The list has two advantages over the lists the IC was releasing in 2013. First, it’s more modest about its claims, not, this time, listing every quasi-thwarted terrorist funding opportunity as a big success. In addition, it describes all three confirmed certificates (from the Snowden documents): counterterrorism (bullets 3 through 5), counterproliferation (2), and foreign government (1, though if this is Iran, it might also be counterproliferation). It also admits that one point of all this spying is to find informants (bullet 3), even if not as explicitly as some court filings and IG reports do. That purpose — and the associated sensitivities (including whether and how it is used by FBI) is one thing all members of Congress should be briefed on.

That said, the description of the foreign government certificate doesn’t come close to describing the kinds of people who might be swept up in it, and as such provides what I believe to be a misleading understanding of who might be targeted under 702.

Note, too, the silence about the use of certificates for counterintelligence purposes, which the government surely does. Again, that would present different threats to Americans’ privacy.

Then there’s the last sentence of the document, in the upstream collection section.

Furthermore, this collection has allowed the IC to acquire unique intelligence that informs cybersecurity efforts.

Oh, huh, what’s that doing there in the last line of the document rather than in the successes section?

From the very first public discussions of 702 after Edward Snowden, ODNI included cybersecurity among the successes, even before it had a certificate. In fact, the document released June 8, 2013, just three days after the first Snowden release, echoed some of the same language:

Communications collected under Section 702 have provided significant and unique intelligence regarding potential cyber threats to the United States including specific potential computer network attacks. This insight has led to successful efforts to mitigate these threats.

This is a problem! Whether or not upstream 702 could be used for cyber purposes has been an undercurrent since the first USA Freedom Act. There are conflicting reports on whether NSA did obtain a cyber certificate in 2012, as they hoped to, or whether that was denied or so limited that it didn’t serve the function the NSA needed.
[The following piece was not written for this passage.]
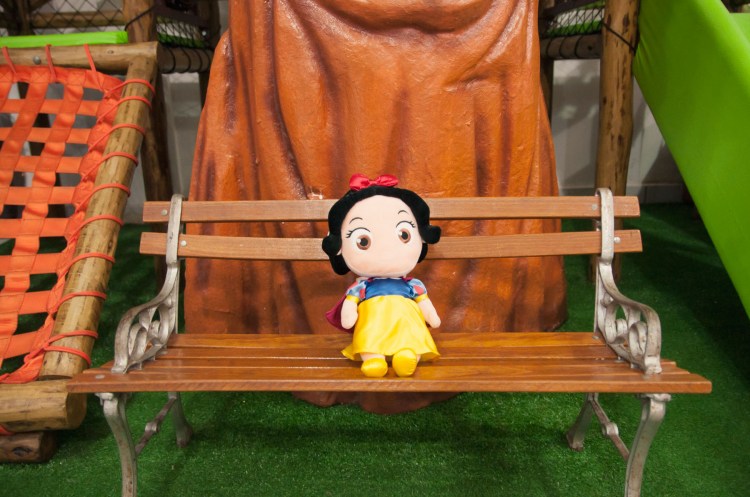 Isabelli_1_ano-05-03-2017-012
I’ve even been told that CISA is supposed to serve the same purpose.That said, FBI’s minimization procedures (but not, by my read, NSA’s) include some language directed at cybersecurity.
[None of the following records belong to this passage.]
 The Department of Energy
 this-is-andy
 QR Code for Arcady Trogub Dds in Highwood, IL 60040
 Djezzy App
Congress deserves to have a better sense of whether and how the government is using upstream 702 for cybersecurity, because there are unique issues associated with it. It’s clearly a great application of upstream searches, but not one without some risks. So the government should be more clear about this, at least in classified briefings available to all members.

Admitting NSA uses Section 704 not Section 703

Finally, this language is as close as the IC has come to admitting that it uses Section 704, not Section 703, to target Americans overseas.

In contrast to Section 702, which focuses on foreign targets, Section 704 provides additional protection for collection activities directed against U.S. persons located outside of the United States. Section 2.5 of Executive Order 12333 requires the AG to approve the use of “any technique for which a warrant would be required if undertaken for law enforcement purposes” against U.S. persons abroad for intelligence purposes. The AG’s approval must be based on a determination that probable cause exists to believe the U.S. person is a foreign power or an agent of a foreign power. Section 704 builds upon these pre-FAA requirements and provides that, in addition to the AG’s approval, the government must obtain an order from the FISC in situations where the U.S. person target has “a reasonable expectation of privacy and a warrant would be required if the acquisition were conducted inside the United States for law enforcement purposes.” The FISC order must be based upon a finding that there is probable cause to believe that the target is a foreign power, an agent of a foreign power, or an officer or employee of a foreign power and that the target is reasonably believed to be located outside the United States. By requiring the approval of the FISC in addition to the approval of the AG, Section 704 provides an additional layer of civil liberties and privacy protection for U.S. persons located abroad.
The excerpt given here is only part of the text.